A forum participant identified as “Sadiq Yaqeen, Iraqi front correspondent,” commences his analysis by citing Sun Tzu: “If you know your enemy and yourself, do not fear the consequences of a hundred battles. If you know yourself and do not know the enemy, every victory is met with a defeat. If you know neither your enemy nor yourself, you will lose all battles.” Iraq’s Islamist insurgents believe that the U.S. military allocates a significant portion of its assets to the creation of hostile propaganda that spreads false information and exaggerates accounts of the successes of Coalition security campaigns.
Following a number of U.S. setbacks at the beginning of the occupation, Iraq’s jihadis believe that U.S. forces began to study the resistance, comparing notes and conferring with allies to form a comprehensive plan to deal with the Iraqi jihadis. According to Yaqeen, the resulting U.S. plan took into consideration political and economic aspects with long-range consequences as opposed to the traditional technique of confronting violence with violence. Yaqeen divides the U.S. law enforcement plan—set into action in early 2007—into three phases:
This phase started three to four months before the actual implementation of the plan. Because a lack of intelligence was the major reason for U.S. failures in previous operations, this phase concentrated on collecting intelligence on different jihadi factions. The rivalry between various jihadi factions compromised jihadi security and secrecy, denying the resistance the element of surprise in their operations. U.S. forces succeeded in penetrating the secrecy shield of the jihadis, allowing intelligence units to analyze jihadi groups in different operational sectors and “hot spots.” The behavior and relations between the people of Iraq were examined and comprehensive intelligence situation reports were prepared.
Defensive operations phase
The objective of this phase was an all-out confrontation with various jihadi detachments, characterized by sustained direct contact by U.S. forces and Iraqi police units. This phase included defining areas of confrontation with jihadis, confining and isolating these areas, constructing camps and control points in these areas and setting up ambushes along routes frequented by jihadis.

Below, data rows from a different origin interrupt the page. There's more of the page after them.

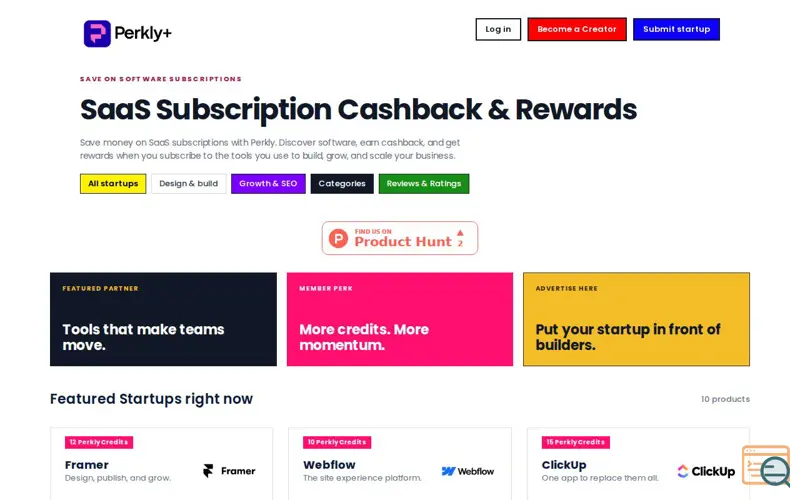Screenshot of Perkly+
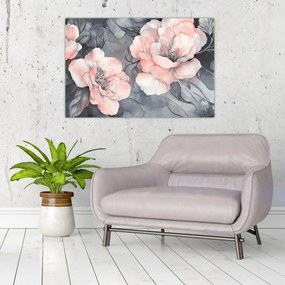 Tablou - Schiță de flori (90x60 cm)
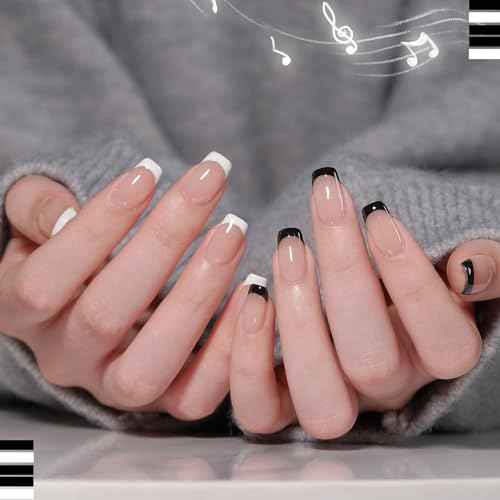 GAOY Gel Nail Polish Kit, 3 Colors 16ml White Red Black, Soak Off UV Gel Polish Set - Elegant Waltz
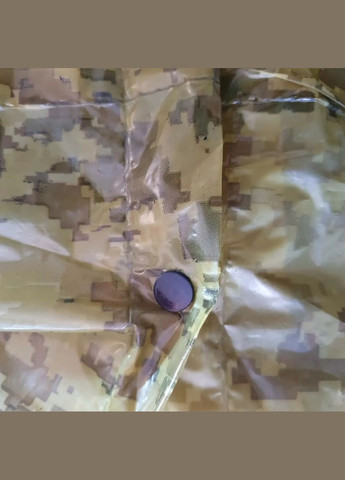 Многоразовый дождевик плащ тактический на кнопках с капюшоном ПИКСЕЛЬ, размер универсальный L-5XL (50-60) Eva (301536163)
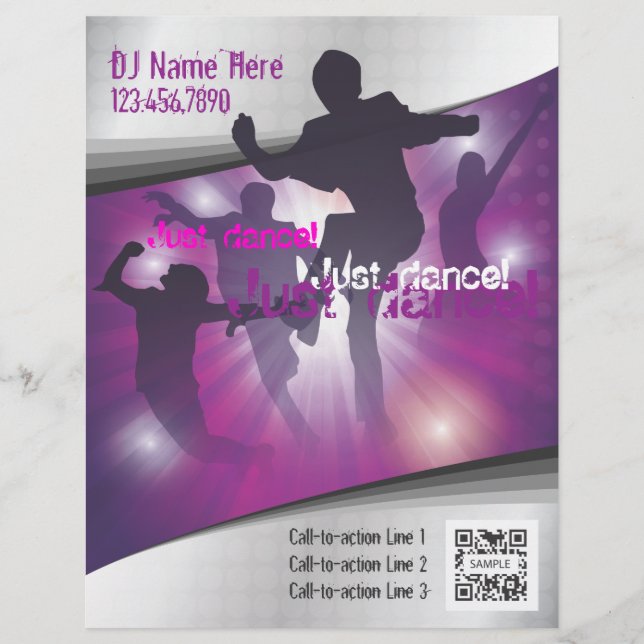 Flyer Modelo Dance (Frente)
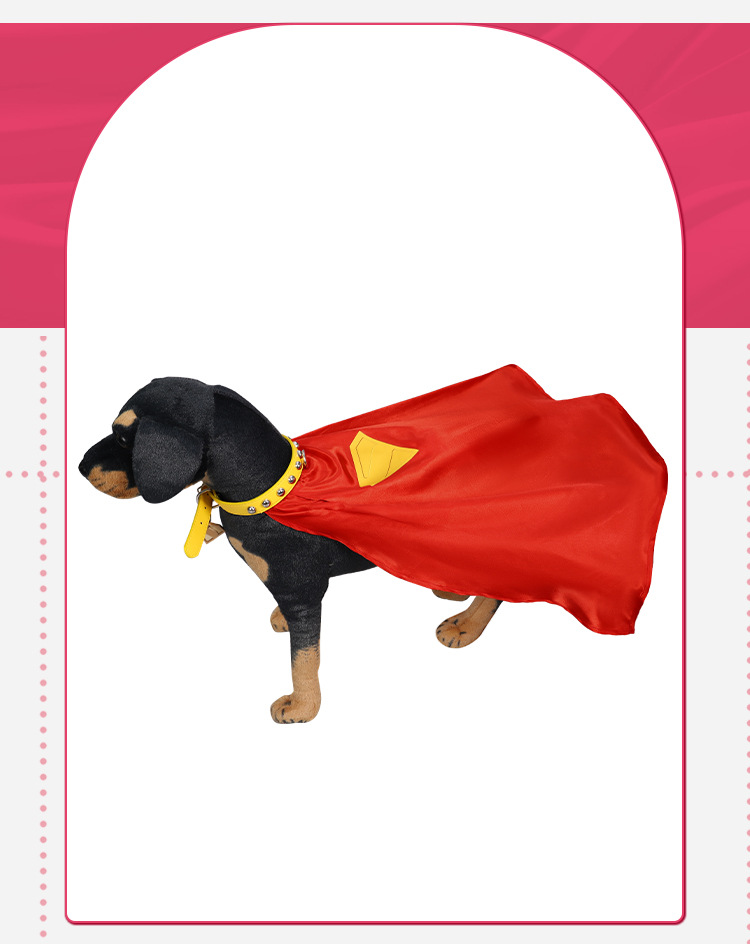 Rode Krypto Cosplay Cape Super - Pet Portrait Custom recensie en prijs
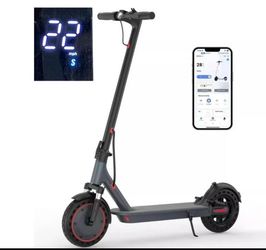 500W Electric Scooter with Dual Suspension and 22mph Max Speed with 2 locks and phone holder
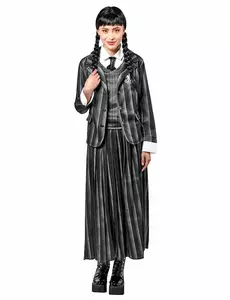 Kostium mundurka szkolnego Wednesday Addams™ dla kobiet, Rozmiar: Medium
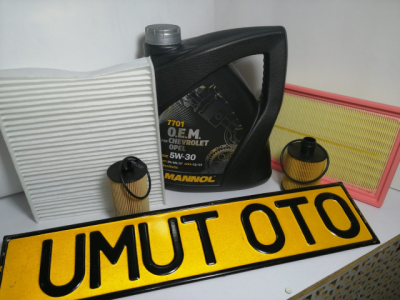 Aveo 1.3 Dizel T300 Bakım Seti Özel Alman Chevrolet Yağ - MANNOL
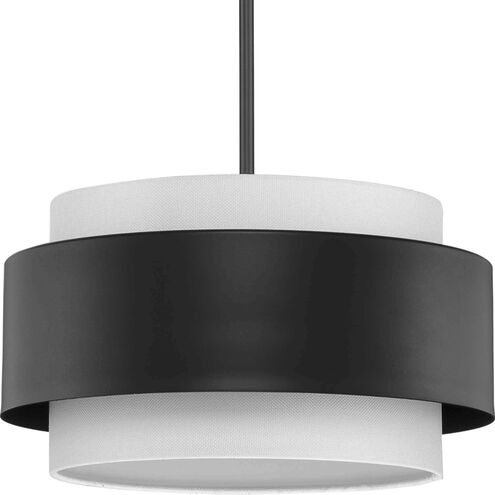 Silva 3 Light 16 inch Matte Black Pendant Ceiling Light, Design Series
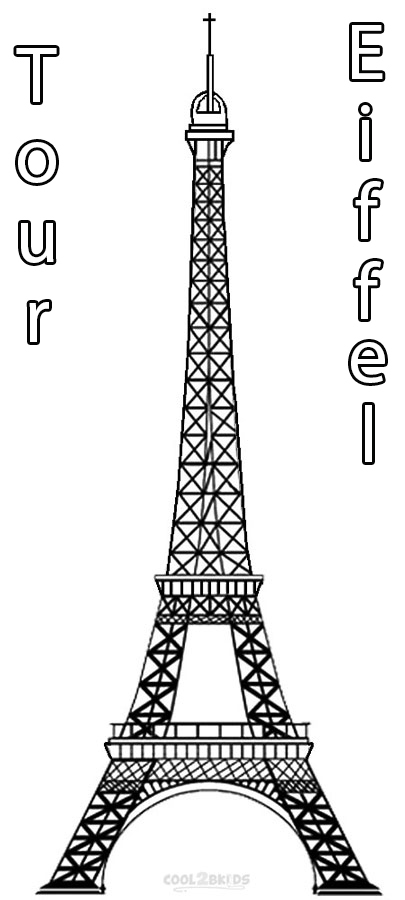 Coloriages - Tour Eiffel - Coloriages Gratuits À Imprimer intérieur Photos Tour Eiffel A Imprimer 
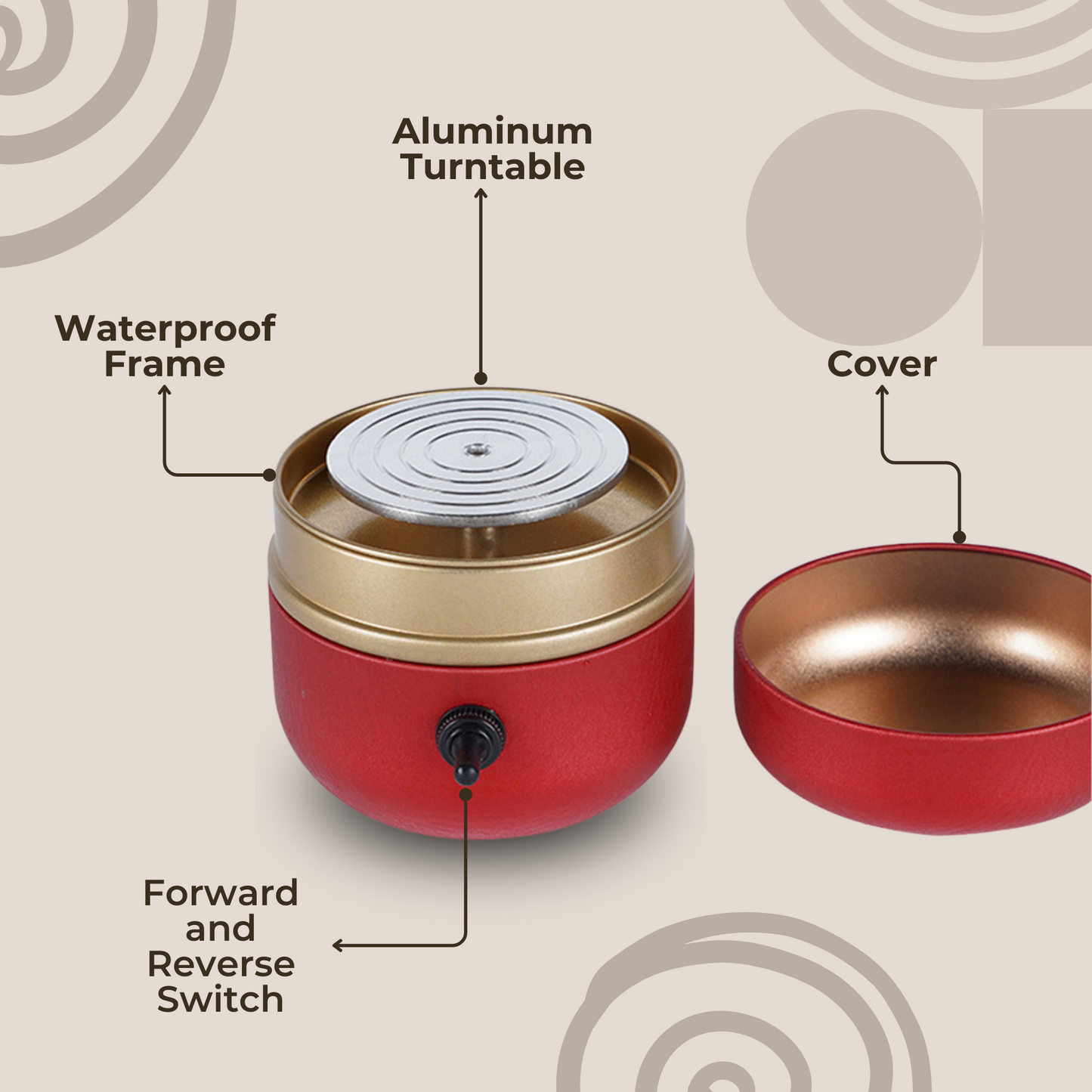 Portable Clay Pottery Wheel for Creative Crafting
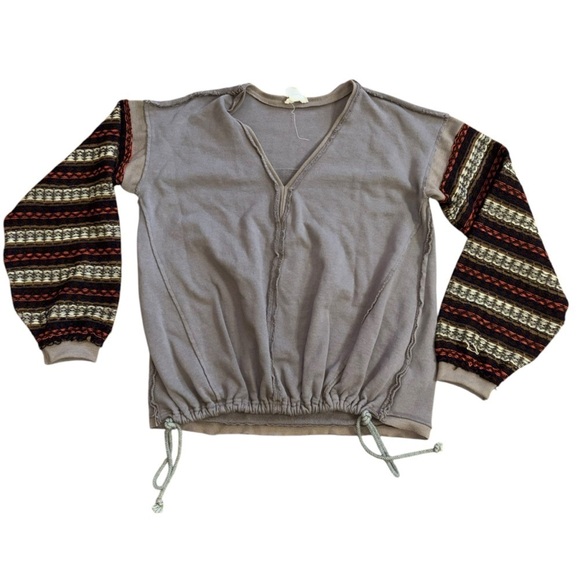 Mystree Distressed Laugenlook Boho Sweater Women’s M Casual Colorful Knit Cozy - Picture 3 of 12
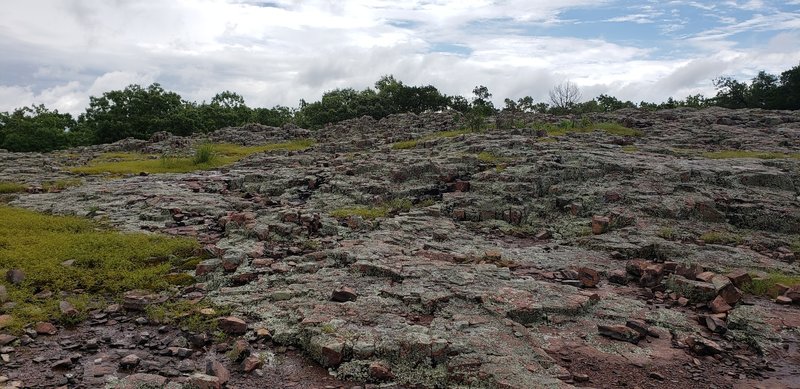 Columnar rhyolite.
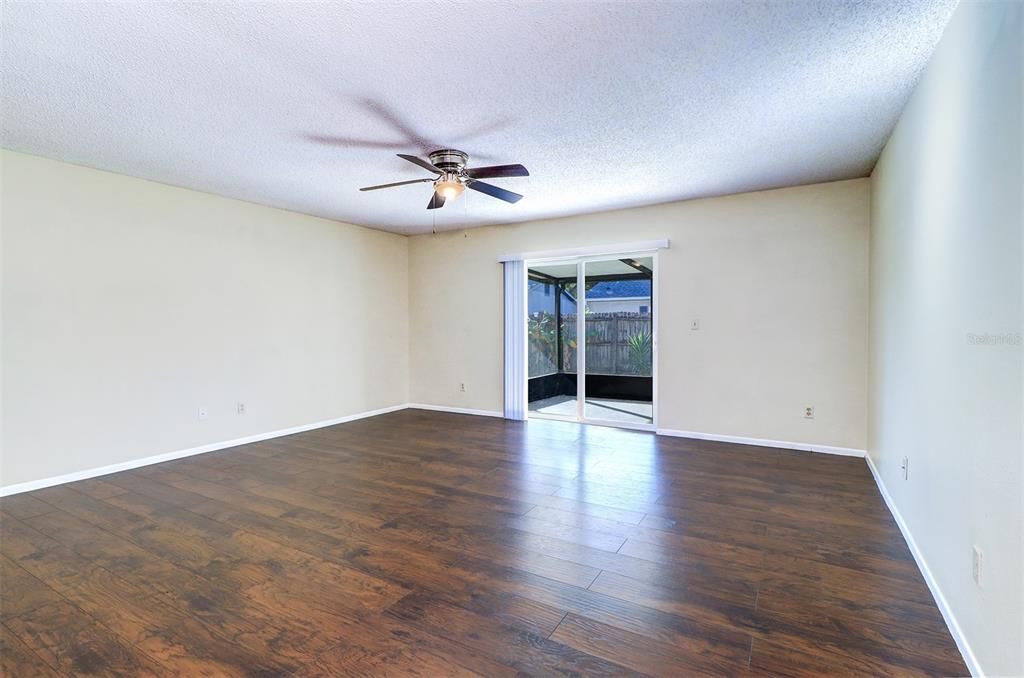 Empty room, Interior, Wood Texture Flooring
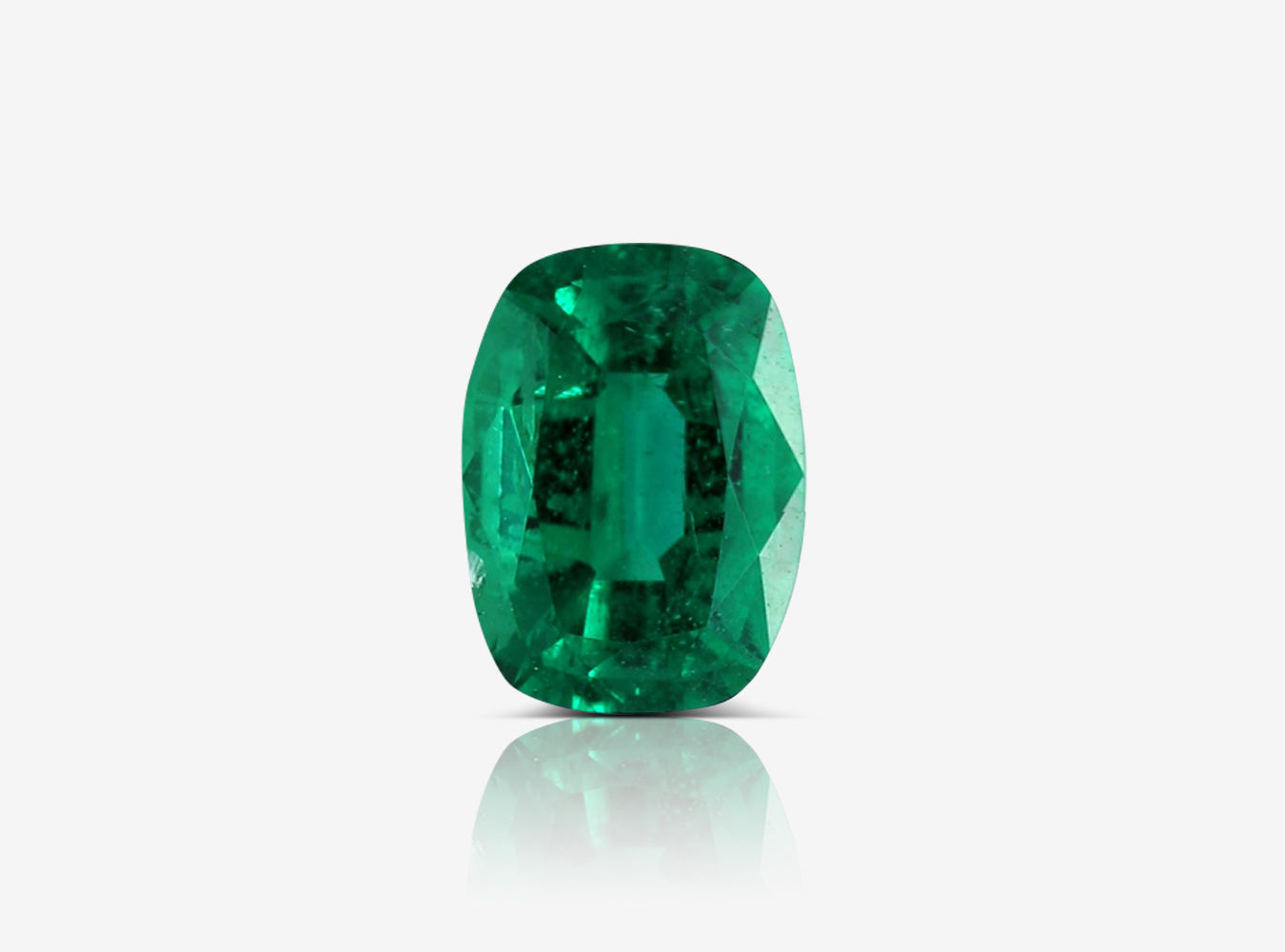 1.39 ct. Cushion Emerald GRS Insignificant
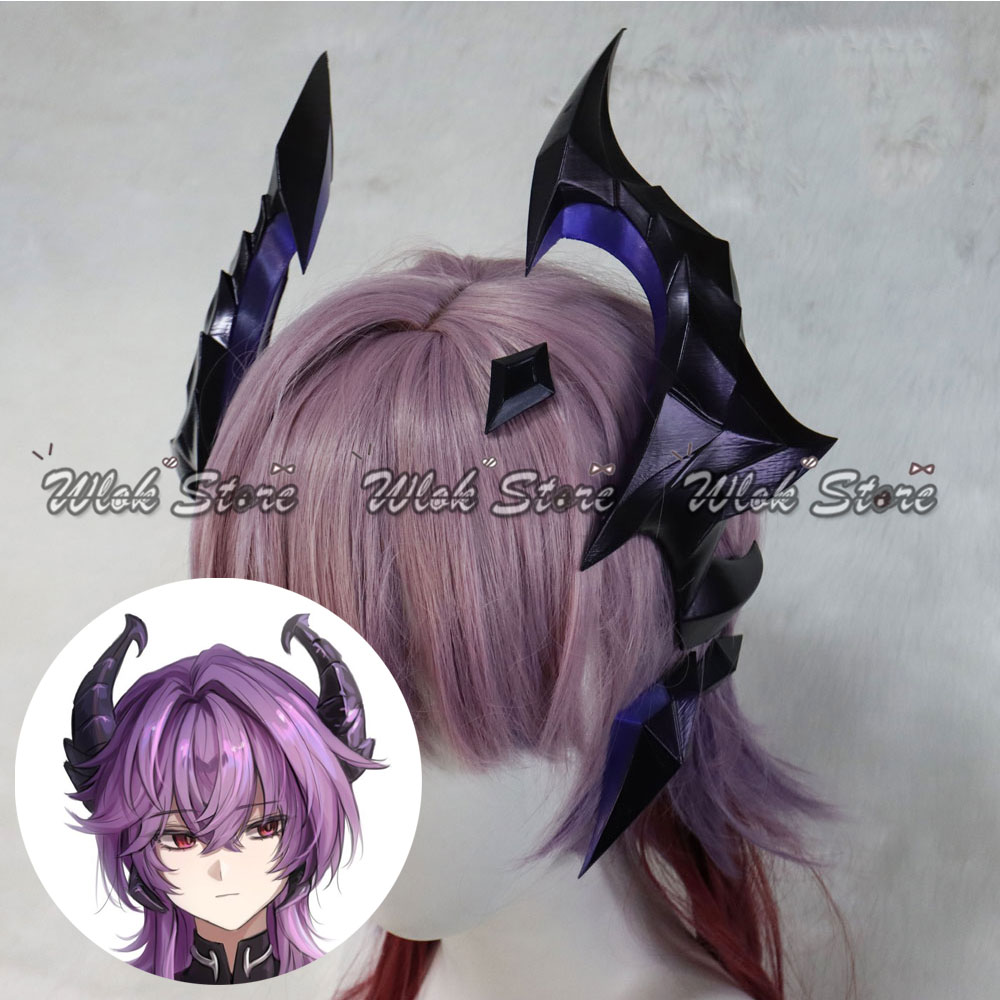 Anime Cosplay Dress - アニメゲーム原神インパクトデュリンコスプレ帽子 PLA 角小道具男性女性ハロウィンパーティーカーニバルロールプレイアクセサリー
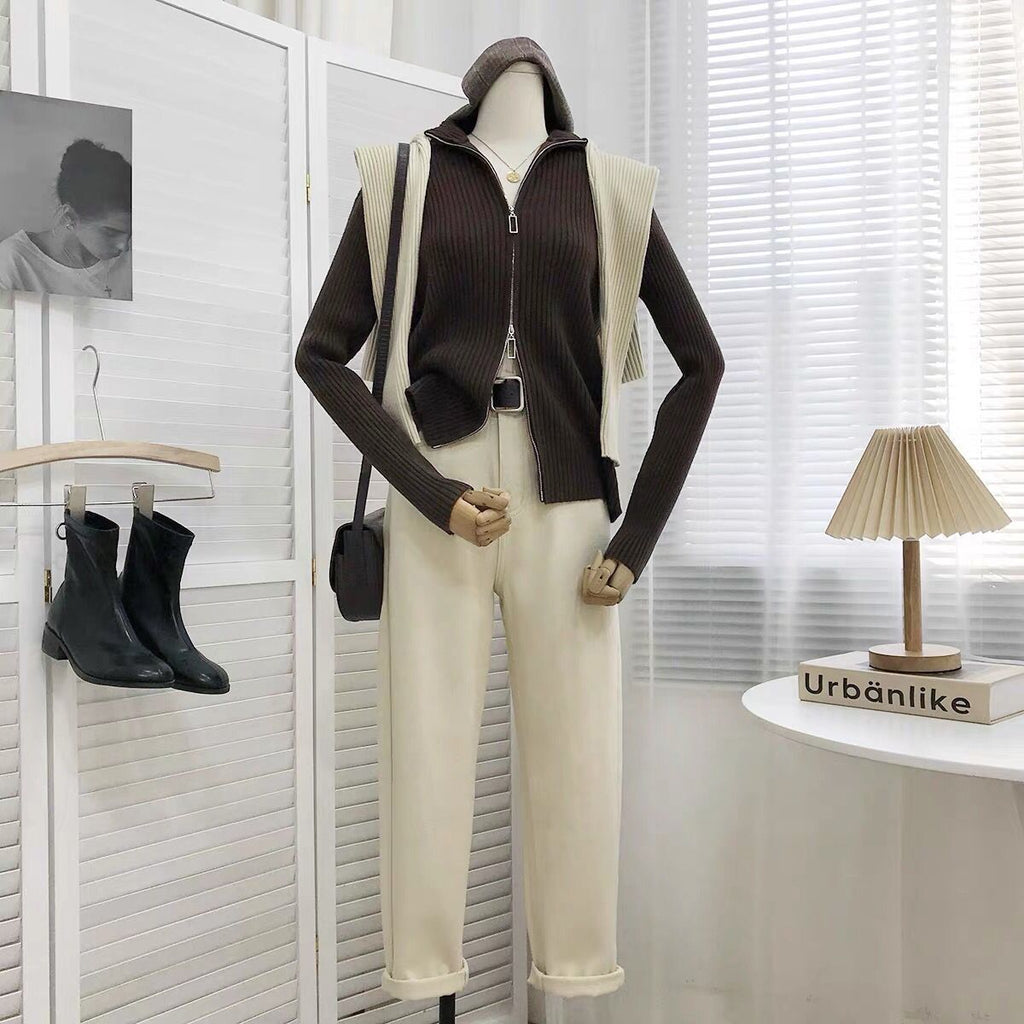 Versatile Straight Loose Wide Leg Jeans For Women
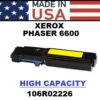 XEROX PHASER 6600 TONER HY - YELLOW - USA Made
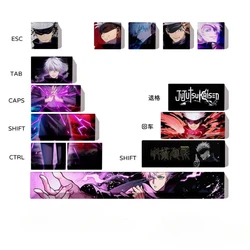 Jujutsu Kaisen Anime Satoru Gojo XDA Height PBT Keycaps for Cherry MX Switch Personality Mechanical Gaming Keyboard Gift Toy
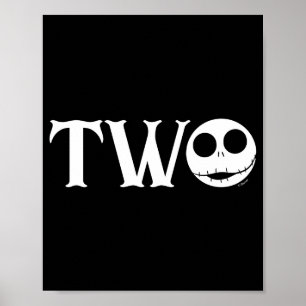 Jack Skellington First Birthday Two Baby Poster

Using military and control points, U.S. and Iraqi forces launched search and
interception operations. The size of the search operations in Iraqi cities was
unprecedented. Consequently hundreds of jihadis were detained in a matter of weeks and a significant number of arms caches were uncovered. Finally, the U.S. military command inflicted serious damage to the morale of the jihadis by turning its military personnel loose on the cities and villages of Iraq, bombing at leisure any target they deemed hostile.
In a related subject, another jihadi website calls upon the leaders of different jihadi detachments to unite in order to recover from U.S. and Iraqi military operations (iraqfront.com, December 26, 2007). The writer, using the alias “Jabhat al-Iraq” (Iraqi Front), says: “Dare I say that we, in the turmoil of the war, concentrated on attacking the enemy and forgot to strengthen our lines of defense against penetrations which led to contentions among us. We must unite all jihadi groups under one jihadi project.” Jabhat al-Iraq reminds jihadis how Baghdadis defeated Persian besiegers in 1732 without any help from the Ottoman Empire by uniting ranks and improving the training of their troops.
The call to unite all Iraqi jihadis may have a short-term positive effect on some Sunni insurgency groups with mutual religious, social or political inclinations, such as the Iraqi Sunni tribes and former Baathists. On the other hand, the Salafi-Jihadi extremists of al-Qaeda are unlikely to practice the religious tolerance needed to form a long-term Coalition with moderate Muslim tribesmen, much less with the despised Baathists.